WORK REQUIRED:
Quote exactly and only this range of lines in the data below: the line that holds "White Leopard Queen" to the line that holds "Hardware op het", both included.

Short text fragments from websites
***

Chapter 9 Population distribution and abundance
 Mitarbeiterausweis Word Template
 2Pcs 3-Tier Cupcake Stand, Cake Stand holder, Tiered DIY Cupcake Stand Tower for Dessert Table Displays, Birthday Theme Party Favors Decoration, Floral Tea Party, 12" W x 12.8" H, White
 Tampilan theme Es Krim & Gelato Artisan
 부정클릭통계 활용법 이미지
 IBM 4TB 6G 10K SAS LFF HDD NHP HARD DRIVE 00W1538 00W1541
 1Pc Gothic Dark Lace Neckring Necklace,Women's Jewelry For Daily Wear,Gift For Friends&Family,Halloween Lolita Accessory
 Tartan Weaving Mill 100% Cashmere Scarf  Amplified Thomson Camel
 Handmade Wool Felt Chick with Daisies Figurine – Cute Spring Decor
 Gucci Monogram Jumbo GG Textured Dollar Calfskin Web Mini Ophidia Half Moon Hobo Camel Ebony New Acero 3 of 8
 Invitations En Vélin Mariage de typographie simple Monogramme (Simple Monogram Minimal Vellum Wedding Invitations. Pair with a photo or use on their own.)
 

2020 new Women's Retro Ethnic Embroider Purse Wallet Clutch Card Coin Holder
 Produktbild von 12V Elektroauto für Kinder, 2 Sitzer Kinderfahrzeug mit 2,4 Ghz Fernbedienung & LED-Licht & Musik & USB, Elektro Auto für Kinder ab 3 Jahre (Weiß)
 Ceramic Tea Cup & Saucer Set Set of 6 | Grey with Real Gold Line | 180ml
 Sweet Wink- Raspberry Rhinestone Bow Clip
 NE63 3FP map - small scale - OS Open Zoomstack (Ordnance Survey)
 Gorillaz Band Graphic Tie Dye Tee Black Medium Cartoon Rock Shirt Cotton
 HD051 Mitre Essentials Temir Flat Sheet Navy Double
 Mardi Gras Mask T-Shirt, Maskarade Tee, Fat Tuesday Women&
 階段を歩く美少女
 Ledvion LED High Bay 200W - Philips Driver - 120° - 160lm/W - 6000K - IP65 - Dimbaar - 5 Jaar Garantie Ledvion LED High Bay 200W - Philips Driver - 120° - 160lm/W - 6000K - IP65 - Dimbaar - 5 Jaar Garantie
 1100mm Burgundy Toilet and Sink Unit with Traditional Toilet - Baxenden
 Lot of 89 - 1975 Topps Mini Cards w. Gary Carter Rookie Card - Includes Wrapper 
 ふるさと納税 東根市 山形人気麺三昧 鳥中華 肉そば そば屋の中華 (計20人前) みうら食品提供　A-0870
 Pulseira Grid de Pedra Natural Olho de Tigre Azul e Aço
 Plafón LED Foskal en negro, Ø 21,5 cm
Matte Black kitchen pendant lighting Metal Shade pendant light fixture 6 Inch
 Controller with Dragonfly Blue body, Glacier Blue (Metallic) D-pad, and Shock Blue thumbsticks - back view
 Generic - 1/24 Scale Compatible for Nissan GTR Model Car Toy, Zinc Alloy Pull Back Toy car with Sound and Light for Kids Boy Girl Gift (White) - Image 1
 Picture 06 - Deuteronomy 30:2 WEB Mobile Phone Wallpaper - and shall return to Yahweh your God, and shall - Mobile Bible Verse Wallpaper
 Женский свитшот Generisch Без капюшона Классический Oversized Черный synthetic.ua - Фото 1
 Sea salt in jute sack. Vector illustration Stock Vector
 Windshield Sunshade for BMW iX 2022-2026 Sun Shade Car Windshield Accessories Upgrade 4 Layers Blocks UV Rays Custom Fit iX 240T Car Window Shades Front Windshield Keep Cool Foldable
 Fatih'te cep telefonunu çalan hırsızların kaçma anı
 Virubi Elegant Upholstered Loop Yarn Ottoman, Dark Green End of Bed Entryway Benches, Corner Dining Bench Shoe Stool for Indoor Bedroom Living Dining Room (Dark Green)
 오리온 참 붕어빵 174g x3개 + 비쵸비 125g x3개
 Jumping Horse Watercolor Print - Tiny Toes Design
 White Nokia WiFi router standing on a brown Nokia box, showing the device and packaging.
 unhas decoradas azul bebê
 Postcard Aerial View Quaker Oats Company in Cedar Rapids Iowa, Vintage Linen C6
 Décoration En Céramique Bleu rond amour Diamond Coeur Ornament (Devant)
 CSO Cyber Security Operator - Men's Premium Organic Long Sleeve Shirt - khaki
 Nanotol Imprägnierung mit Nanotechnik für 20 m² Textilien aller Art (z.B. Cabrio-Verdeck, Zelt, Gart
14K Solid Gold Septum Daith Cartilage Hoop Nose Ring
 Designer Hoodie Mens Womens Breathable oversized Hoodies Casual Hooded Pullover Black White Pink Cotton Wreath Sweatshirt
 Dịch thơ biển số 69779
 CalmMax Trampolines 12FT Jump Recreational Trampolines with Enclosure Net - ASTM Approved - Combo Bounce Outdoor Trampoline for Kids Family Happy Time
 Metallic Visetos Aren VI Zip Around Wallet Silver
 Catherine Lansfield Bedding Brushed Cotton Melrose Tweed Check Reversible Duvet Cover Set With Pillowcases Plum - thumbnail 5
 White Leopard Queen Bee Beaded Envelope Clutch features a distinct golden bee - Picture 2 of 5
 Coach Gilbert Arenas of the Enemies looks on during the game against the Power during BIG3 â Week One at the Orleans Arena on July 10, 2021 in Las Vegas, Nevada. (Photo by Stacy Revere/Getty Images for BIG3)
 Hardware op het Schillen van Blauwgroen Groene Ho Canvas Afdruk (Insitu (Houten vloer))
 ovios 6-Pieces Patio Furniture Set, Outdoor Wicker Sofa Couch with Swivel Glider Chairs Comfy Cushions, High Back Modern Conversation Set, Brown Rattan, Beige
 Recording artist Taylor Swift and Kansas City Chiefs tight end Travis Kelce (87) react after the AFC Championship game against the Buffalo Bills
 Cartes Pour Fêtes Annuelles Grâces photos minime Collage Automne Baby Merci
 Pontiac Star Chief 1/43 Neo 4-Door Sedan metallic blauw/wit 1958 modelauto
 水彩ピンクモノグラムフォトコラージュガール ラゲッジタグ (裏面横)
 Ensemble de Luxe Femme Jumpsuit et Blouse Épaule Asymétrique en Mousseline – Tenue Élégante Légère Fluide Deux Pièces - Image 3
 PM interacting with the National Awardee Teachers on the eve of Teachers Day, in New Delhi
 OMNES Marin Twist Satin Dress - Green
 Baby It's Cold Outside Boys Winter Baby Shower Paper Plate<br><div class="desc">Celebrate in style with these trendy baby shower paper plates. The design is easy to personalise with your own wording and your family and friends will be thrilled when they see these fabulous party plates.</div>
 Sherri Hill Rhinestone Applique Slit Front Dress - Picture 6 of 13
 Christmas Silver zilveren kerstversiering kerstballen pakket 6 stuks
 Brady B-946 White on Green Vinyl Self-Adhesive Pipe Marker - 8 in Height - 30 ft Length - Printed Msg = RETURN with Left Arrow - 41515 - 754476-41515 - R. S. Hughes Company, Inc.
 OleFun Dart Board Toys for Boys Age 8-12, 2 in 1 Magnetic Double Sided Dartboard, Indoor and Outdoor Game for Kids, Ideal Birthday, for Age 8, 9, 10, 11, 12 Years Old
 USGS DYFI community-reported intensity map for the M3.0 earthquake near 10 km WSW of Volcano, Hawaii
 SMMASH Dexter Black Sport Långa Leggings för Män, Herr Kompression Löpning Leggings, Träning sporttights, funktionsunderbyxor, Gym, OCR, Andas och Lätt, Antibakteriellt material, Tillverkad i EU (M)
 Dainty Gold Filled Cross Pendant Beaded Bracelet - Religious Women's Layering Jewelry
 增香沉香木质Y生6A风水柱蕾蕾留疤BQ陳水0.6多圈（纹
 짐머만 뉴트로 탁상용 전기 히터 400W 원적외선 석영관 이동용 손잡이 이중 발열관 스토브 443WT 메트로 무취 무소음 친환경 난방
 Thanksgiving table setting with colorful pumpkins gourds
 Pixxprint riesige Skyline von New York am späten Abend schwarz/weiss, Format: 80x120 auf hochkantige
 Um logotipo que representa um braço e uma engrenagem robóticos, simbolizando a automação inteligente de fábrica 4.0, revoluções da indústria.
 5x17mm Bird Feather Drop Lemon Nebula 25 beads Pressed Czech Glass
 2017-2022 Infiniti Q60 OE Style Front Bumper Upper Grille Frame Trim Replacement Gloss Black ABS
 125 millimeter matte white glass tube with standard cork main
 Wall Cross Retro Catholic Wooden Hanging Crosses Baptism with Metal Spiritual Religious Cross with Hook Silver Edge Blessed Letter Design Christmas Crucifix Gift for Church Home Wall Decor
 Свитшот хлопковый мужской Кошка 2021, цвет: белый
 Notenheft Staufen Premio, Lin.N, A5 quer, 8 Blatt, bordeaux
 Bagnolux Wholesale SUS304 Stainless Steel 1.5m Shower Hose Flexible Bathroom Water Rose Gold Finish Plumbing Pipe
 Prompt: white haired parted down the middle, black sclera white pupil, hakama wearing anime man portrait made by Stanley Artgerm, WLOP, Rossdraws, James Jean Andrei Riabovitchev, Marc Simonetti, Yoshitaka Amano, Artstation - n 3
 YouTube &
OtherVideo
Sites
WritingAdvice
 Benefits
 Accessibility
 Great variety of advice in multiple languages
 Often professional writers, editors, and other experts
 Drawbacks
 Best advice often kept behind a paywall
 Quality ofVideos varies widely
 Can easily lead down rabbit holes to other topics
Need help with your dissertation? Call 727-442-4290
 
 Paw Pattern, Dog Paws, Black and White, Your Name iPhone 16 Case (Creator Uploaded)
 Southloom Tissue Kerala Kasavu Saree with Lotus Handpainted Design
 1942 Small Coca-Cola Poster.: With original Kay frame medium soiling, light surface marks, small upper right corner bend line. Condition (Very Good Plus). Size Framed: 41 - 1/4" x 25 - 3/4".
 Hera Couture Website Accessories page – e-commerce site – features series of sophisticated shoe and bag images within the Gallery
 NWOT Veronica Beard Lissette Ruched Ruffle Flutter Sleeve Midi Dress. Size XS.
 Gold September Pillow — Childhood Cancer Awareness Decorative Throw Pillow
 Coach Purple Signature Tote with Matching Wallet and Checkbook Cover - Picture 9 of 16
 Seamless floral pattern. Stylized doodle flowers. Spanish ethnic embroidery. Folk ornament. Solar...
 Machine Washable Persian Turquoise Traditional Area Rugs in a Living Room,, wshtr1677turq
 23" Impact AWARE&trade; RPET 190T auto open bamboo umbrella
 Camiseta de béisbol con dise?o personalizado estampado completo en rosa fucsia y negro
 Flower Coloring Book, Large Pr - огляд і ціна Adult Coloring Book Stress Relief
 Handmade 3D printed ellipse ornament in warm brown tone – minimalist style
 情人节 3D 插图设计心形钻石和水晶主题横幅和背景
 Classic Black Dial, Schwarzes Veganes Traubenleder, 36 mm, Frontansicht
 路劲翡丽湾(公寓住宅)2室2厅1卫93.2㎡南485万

***

ANSWER FOR THE TASK:
 White Leopard Queen Bee Beaded Envelope Clutch features a distinct golden bee - Picture 2 of 5
 Coach Gilbert Arenas of the Enemies looks on during the game against the Power during BIG3 â Week One at the Orleans Arena on July 10, 2021 in Las Vegas, Nevada. (Photo by Stacy Revere/Getty Images for BIG3)
 Hardware op het Schillen van Blauwgroen Groene Ho Canvas Afdruk (Insitu (Houten vloer))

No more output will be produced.